## Materials provided:
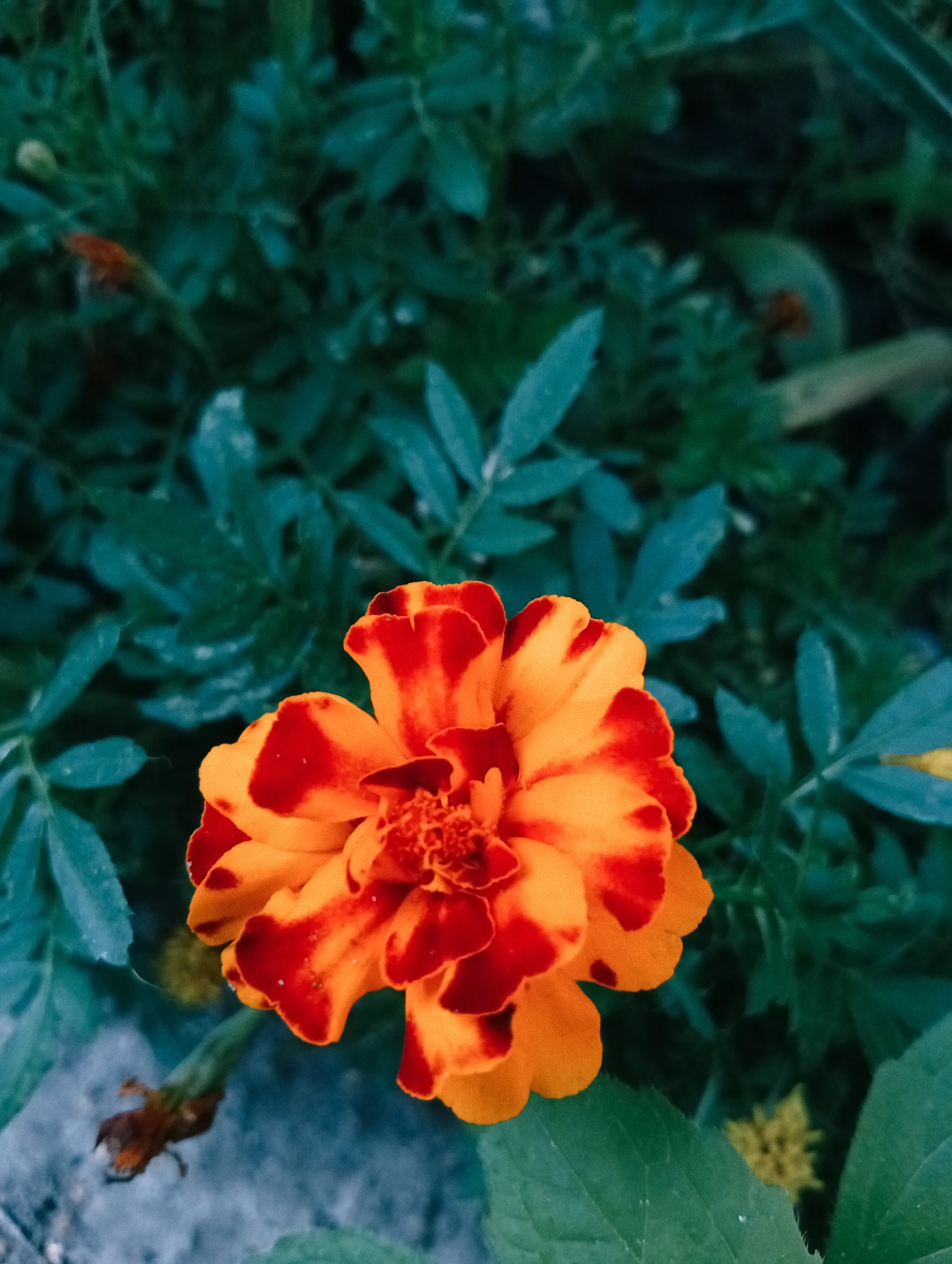 The image is a close-up, overhead shot of a single marigold flower, featuring vibrant orange petals with striking red markings. The flower is centered in the frame, with its textured petals filling the majority of the image. The background consists of deep green foliage, providing a contrasting backdrop that makes the flower stand out. The lighting appears to be natural, possibly overcast, as there are no harsh shadows. The overall mood is natural and serene, showcasing the beauty of the flower. The location is described as Unknown, Unknown.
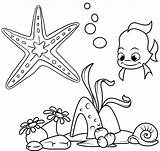 Coloring Starfish Beautiful Creature Undersea Pages Wow Children These sketch template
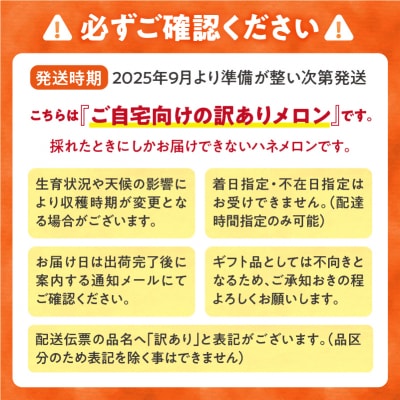 先行受付2025年 訳あり 北海道メロン 暑寒レッド 1玉 (1.6kg以上×1箱)フルーツ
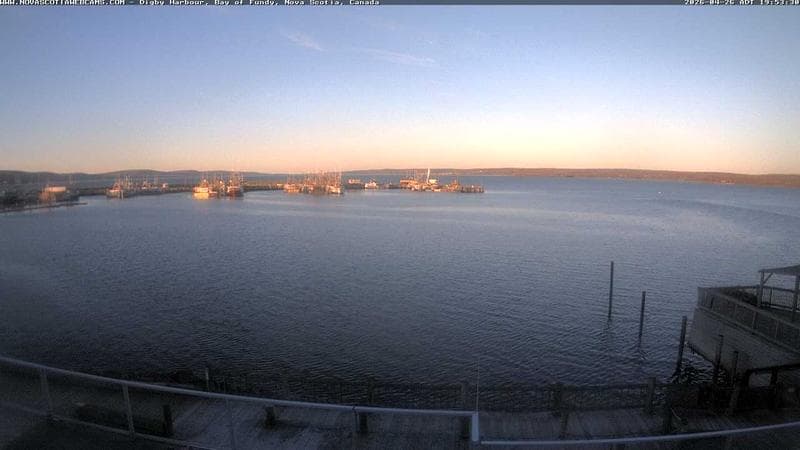 Digby Harbour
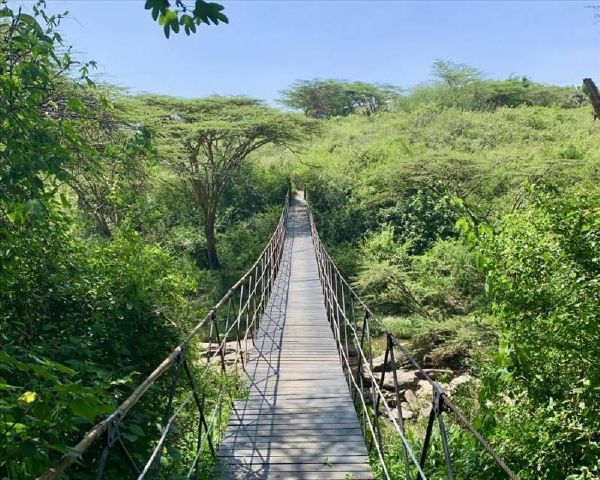 'Hanging bridge' boardwalk crossing the bush in Kenya's Nairobi National Park.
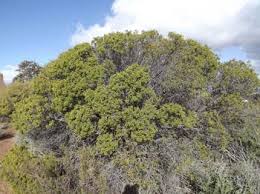 Image result for Euclea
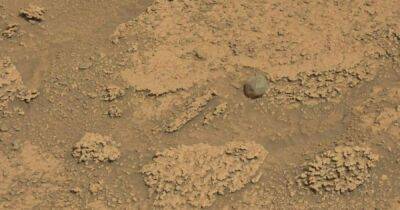Марсоход NASA обнаружил странный камень на Марсе: он озадачил ученых (фото)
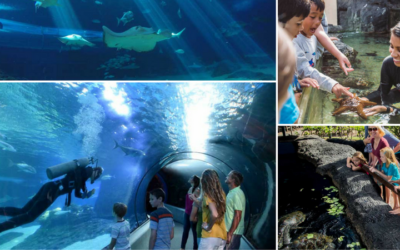 Visiting the Maui Ocean Center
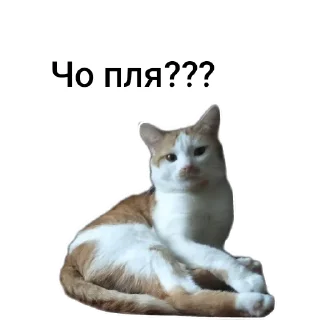 🤨 emoji Кот Кузя чееек Telegram sticker 5 of 7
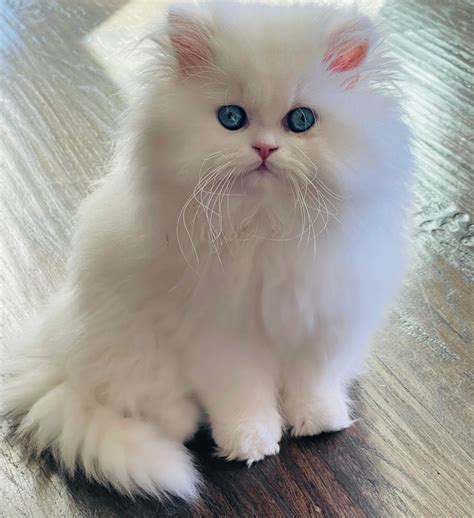 Persiankittenpals - White Persian Kittens for Sale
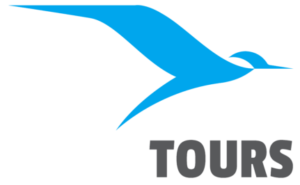 Zigma Tours - logo dark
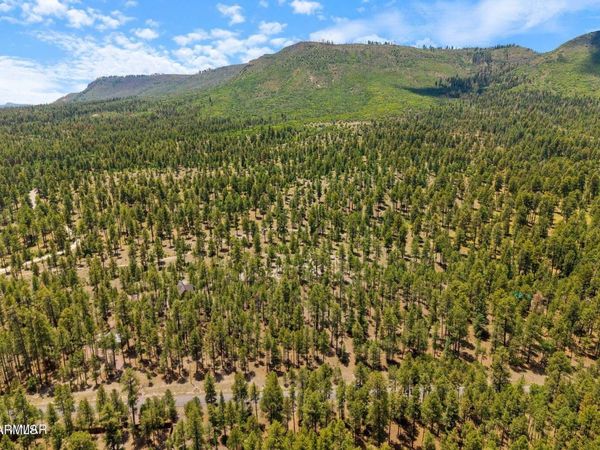 98 County Road 2266, Unit n/a, Alpine, AZ 85920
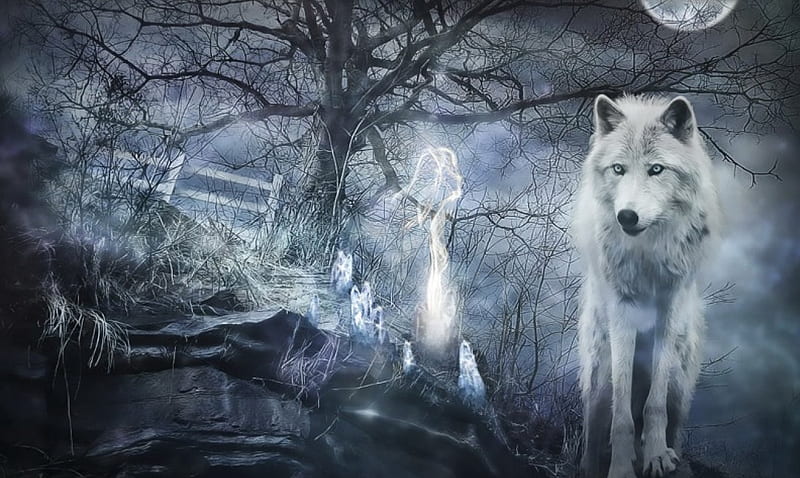 Mystic Moments, wolf, night, mystic, momet, HD wallpaper | Peakpx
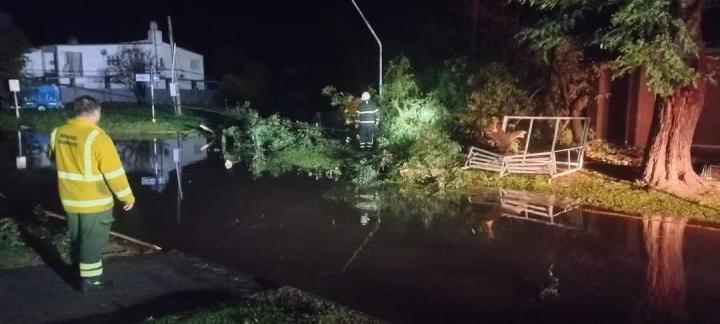 Avenida Teófilo Madrejón permanecerá sin iluminación por caída de árboles y cables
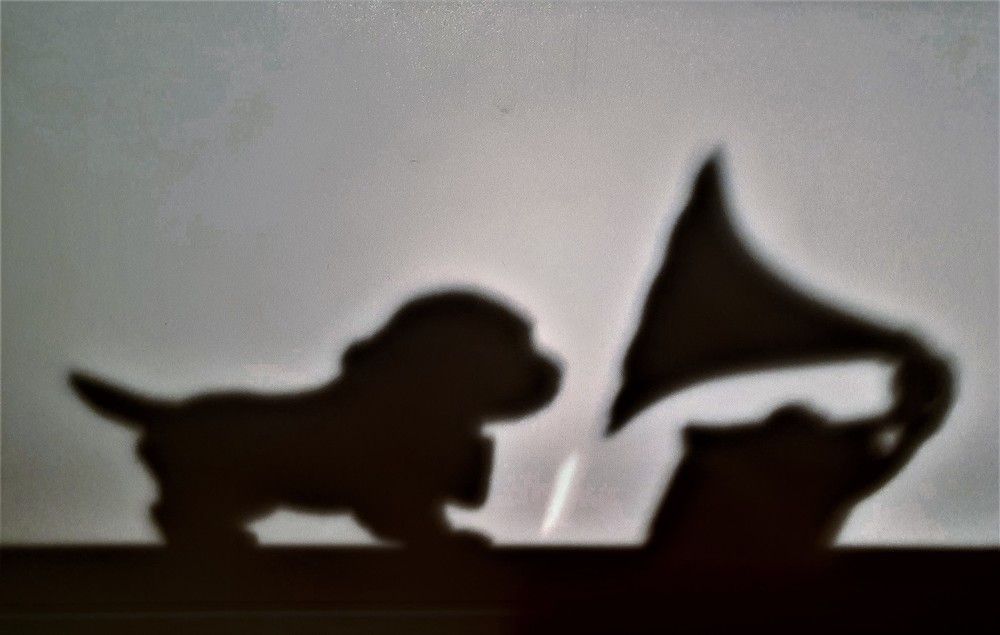 Photograph by Яна Гал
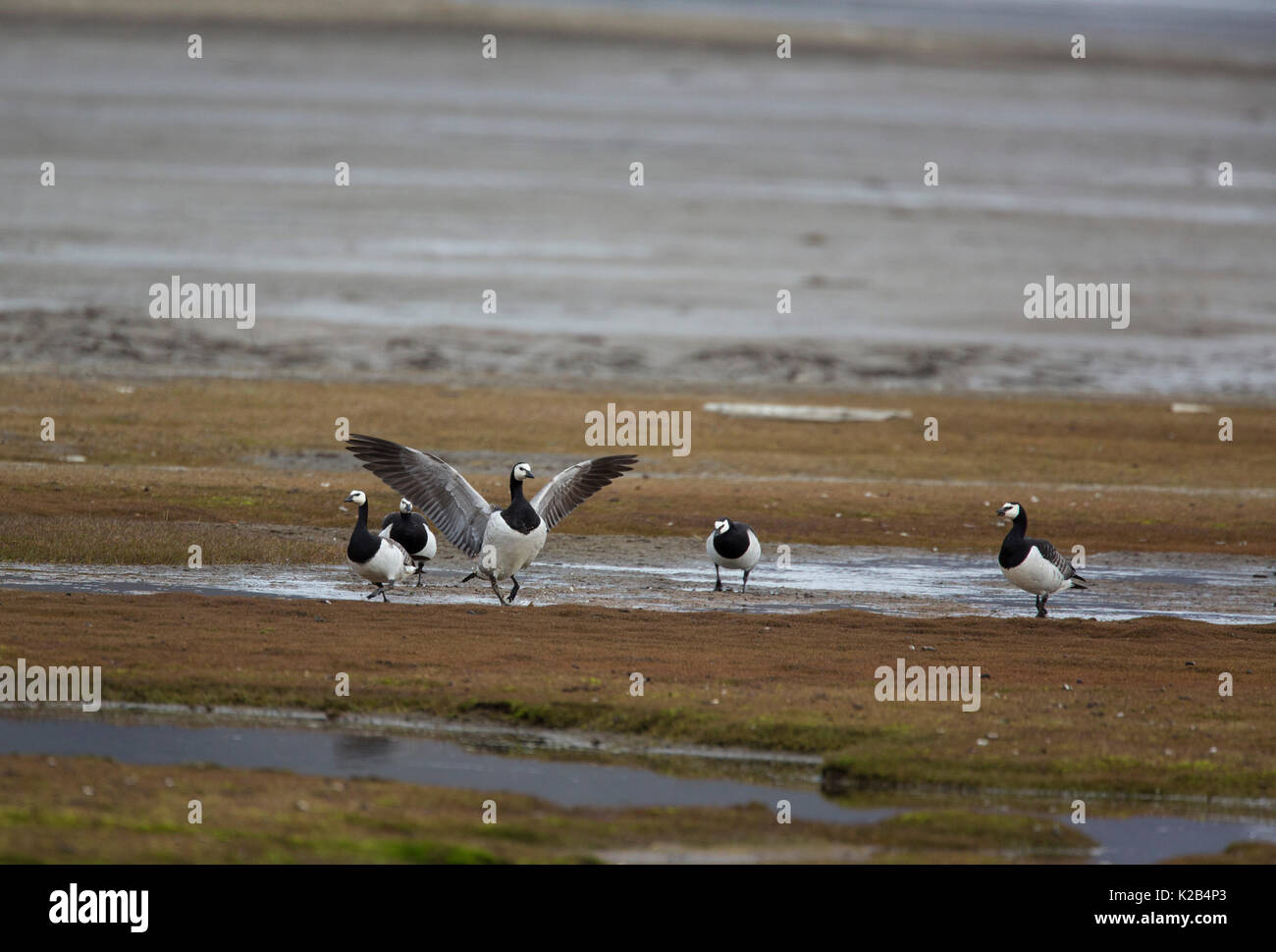 Oche facciabianca, Branta leucopsis, gruppo di adulti in zona paludosa e. Presa in giugno, Longyearbyen, Spitsbergen, Svalbard, Norvegia Foto Stock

## Directions:
Repeat exactly the lines in the entries from the one containing "98 County Road" to the final line, inclusive, and nothing beyond them; skip pictures.

## Your response:
 98 County Road 2266, Unit n/a, Alpine, AZ 85920
 Mystic Moments, wolf, night, mystic, momet, HD wallpaper | Peakpx
 Avenida Teófilo Madrejón permanecerá sin iluminación por caída de árboles y cables
 Photograph by Яна Гал
 Oche facciabianca, Branta leucopsis, gruppo di adulti in zona paludosa e. Presa in giugno, Longyearbyen, Spitsbergen, Svalbard, Norvegia Foto Stock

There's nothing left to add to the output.